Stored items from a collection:

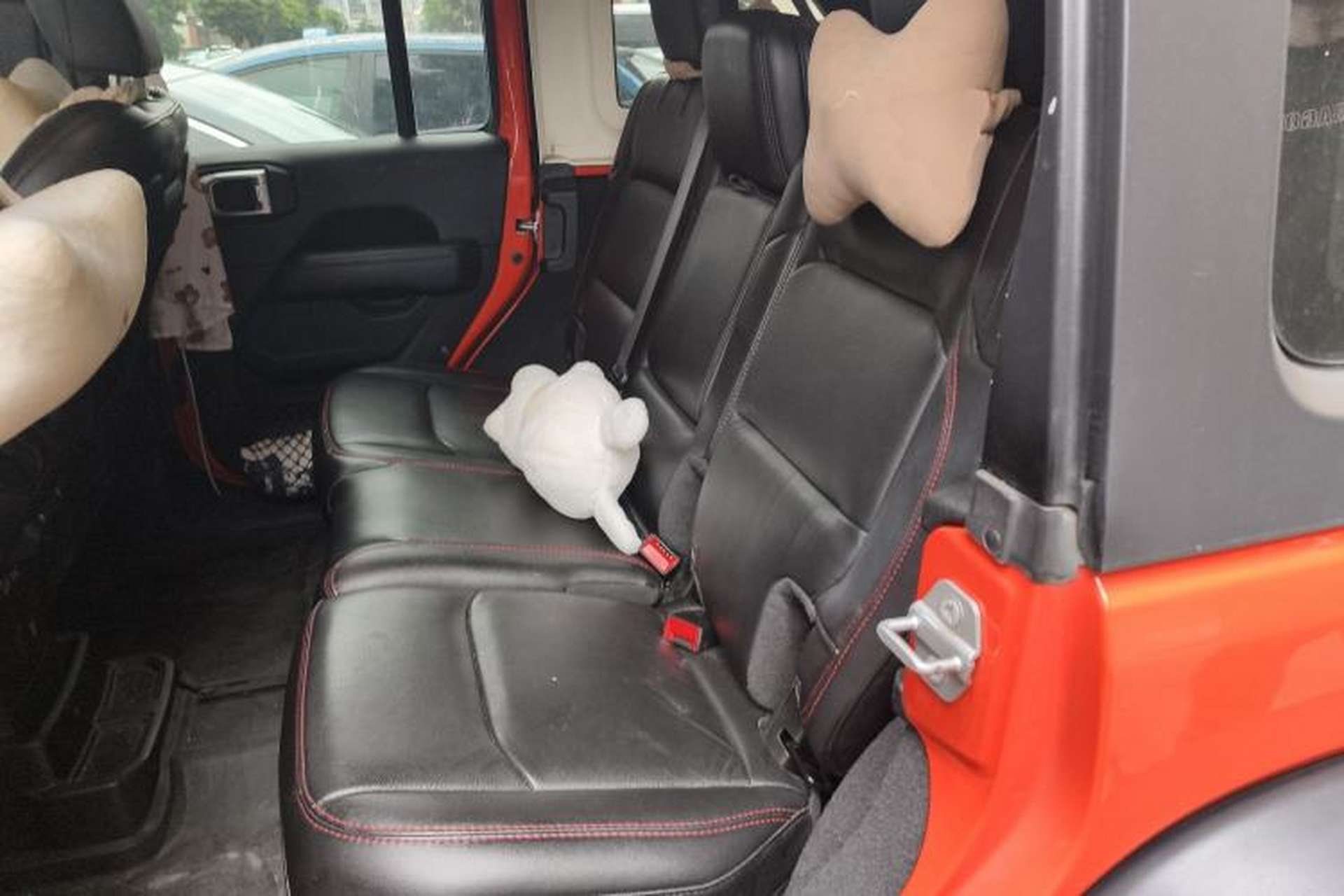 Used Jeep Wrangler 2019 2.0T Rubicon Four-Door Version China VI Emission Standard Left Rear Seat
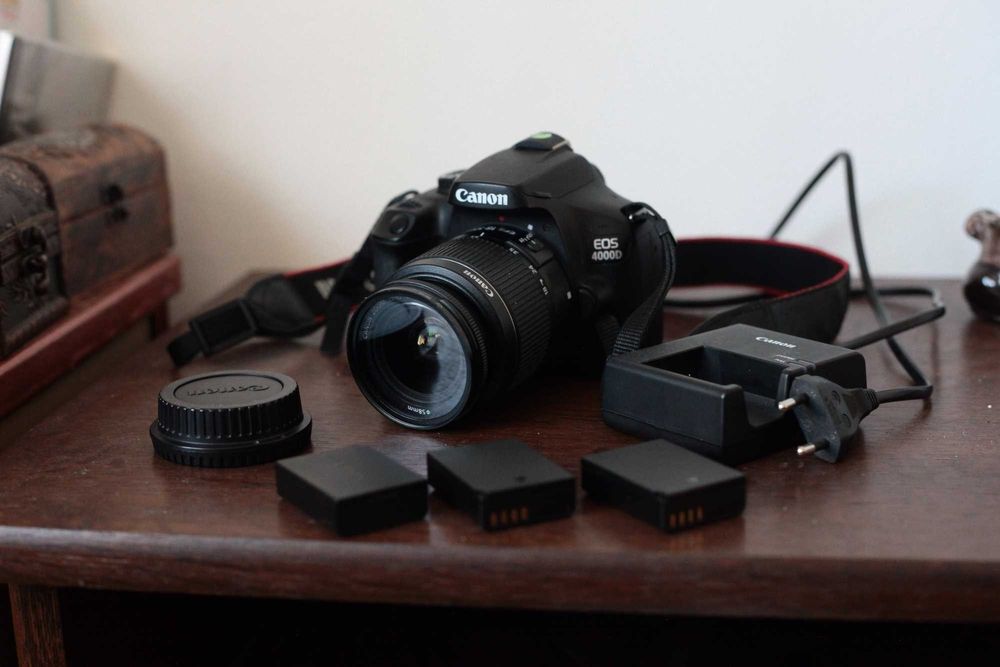Canon EOS4000D + Обектив EF-S 18-55 mm f/3.5-5.6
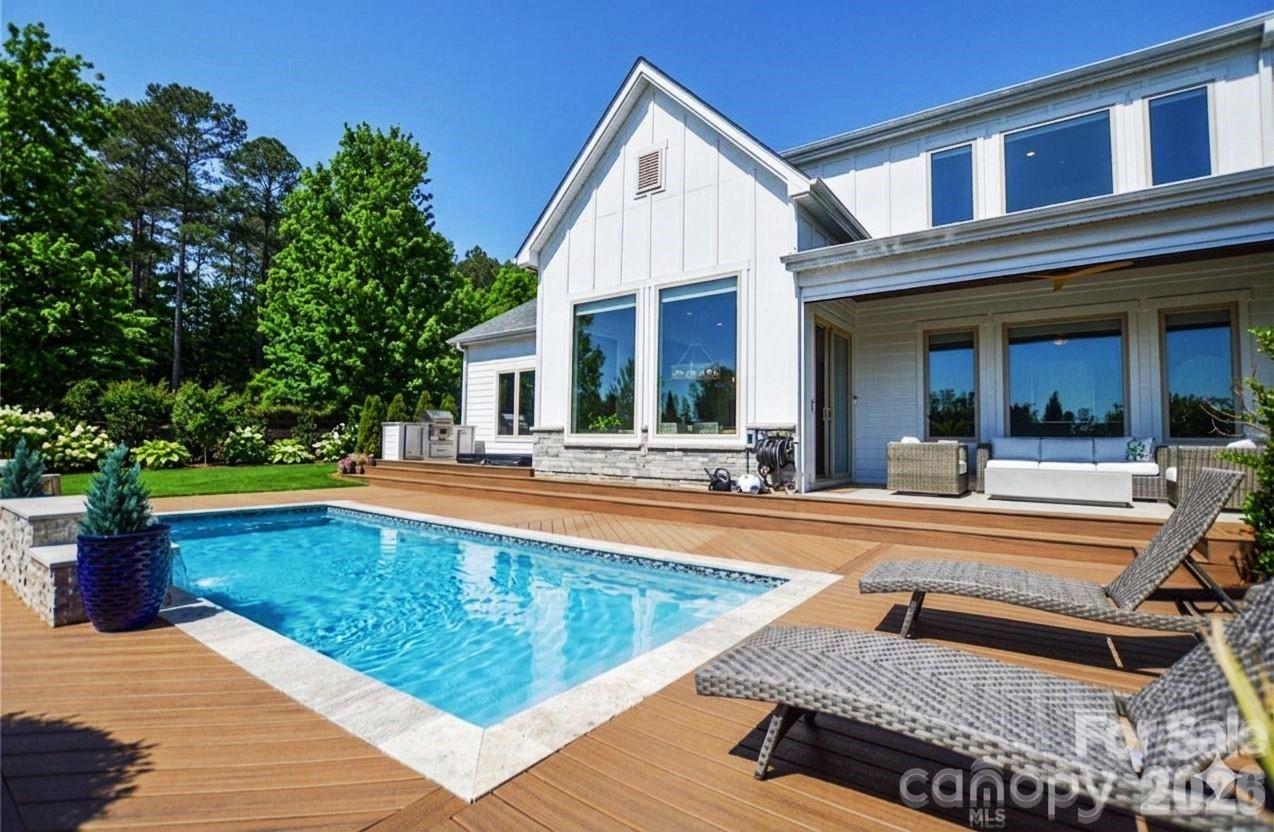 13204 Terrace Court Drive Charlotte NC 28278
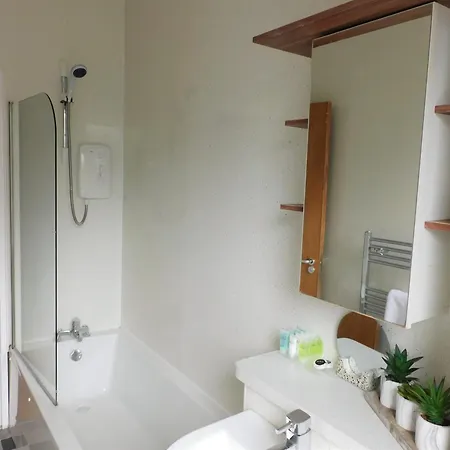 City Centre 2 Bedroom Apt, Close To M8 & Tourist Attractions Apartment Glasgow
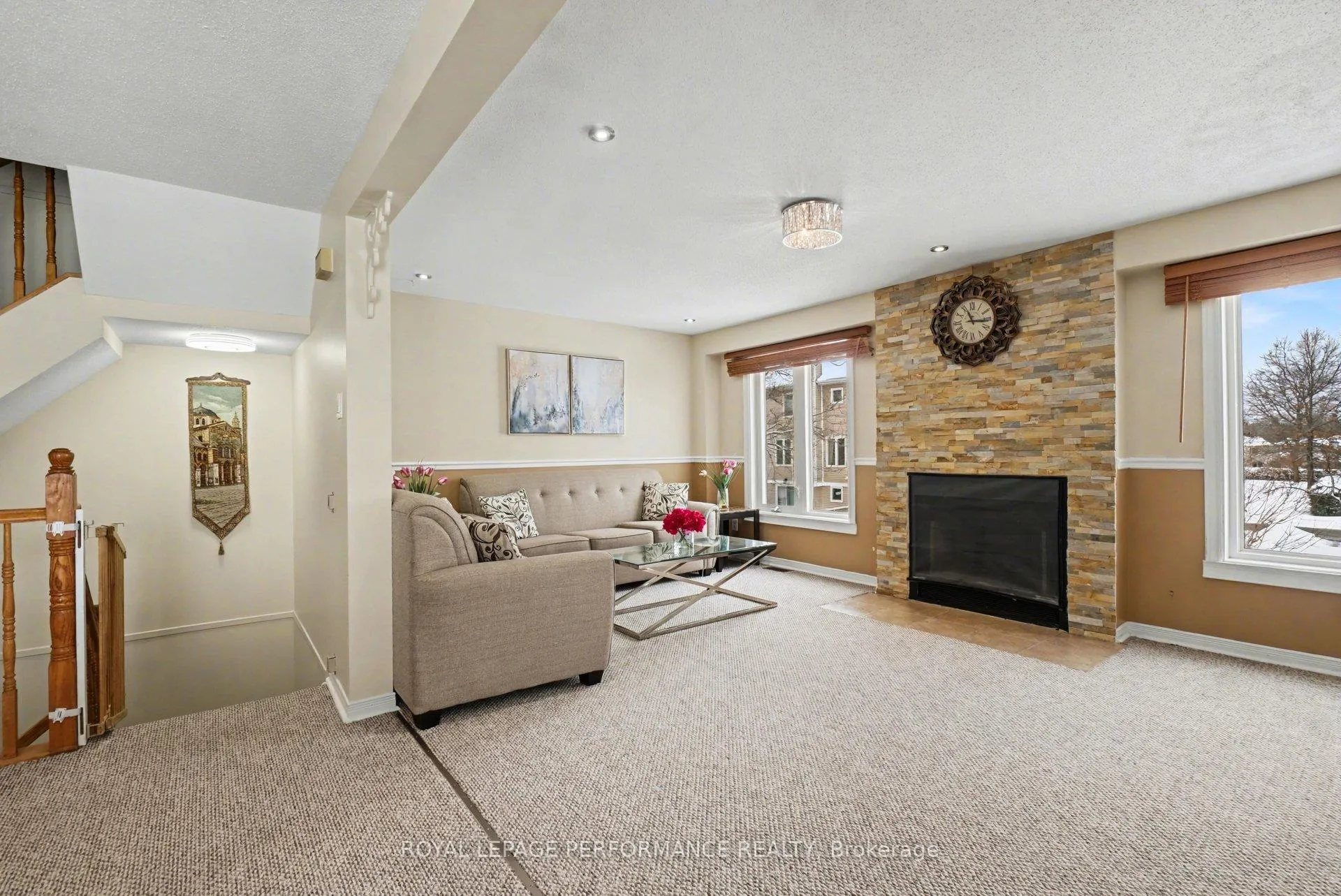 Photo 4 of 1931 Ashmont Street, Ottawa, Chapel Hill — HOMEH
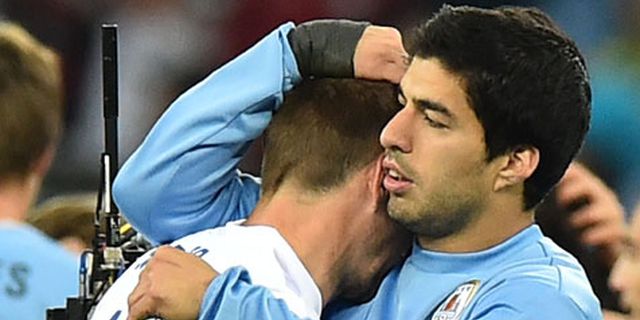 Suarez Kirim Kata Penghiburan untuk Gerrard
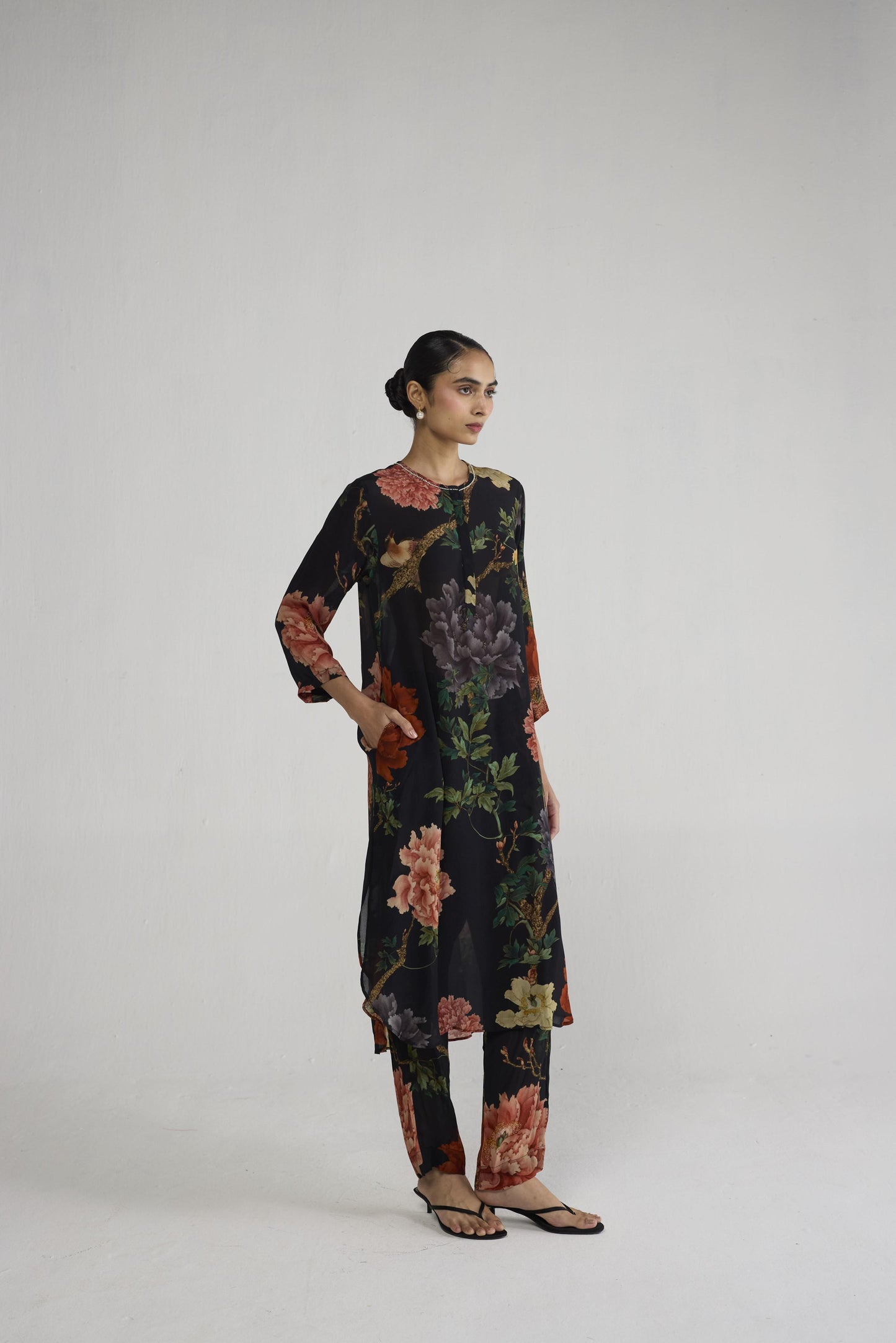 HIMARI LONG CREPE KURTA SET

ABOUT THIS TASK:
What must be output is the exact run of lines from the one holding "Photo 4 of 1931" through the end of the entries above, both ends included, minus the pictures.

TASK RESPONSE:
 Photo 4 of 1931 Ashmont Street, Ottawa, Chapel Hill — HOMEH
 Suarez Kirim Kata Penghiburan untuk Gerrard
 HIMARI LONG CREPE KURTA SET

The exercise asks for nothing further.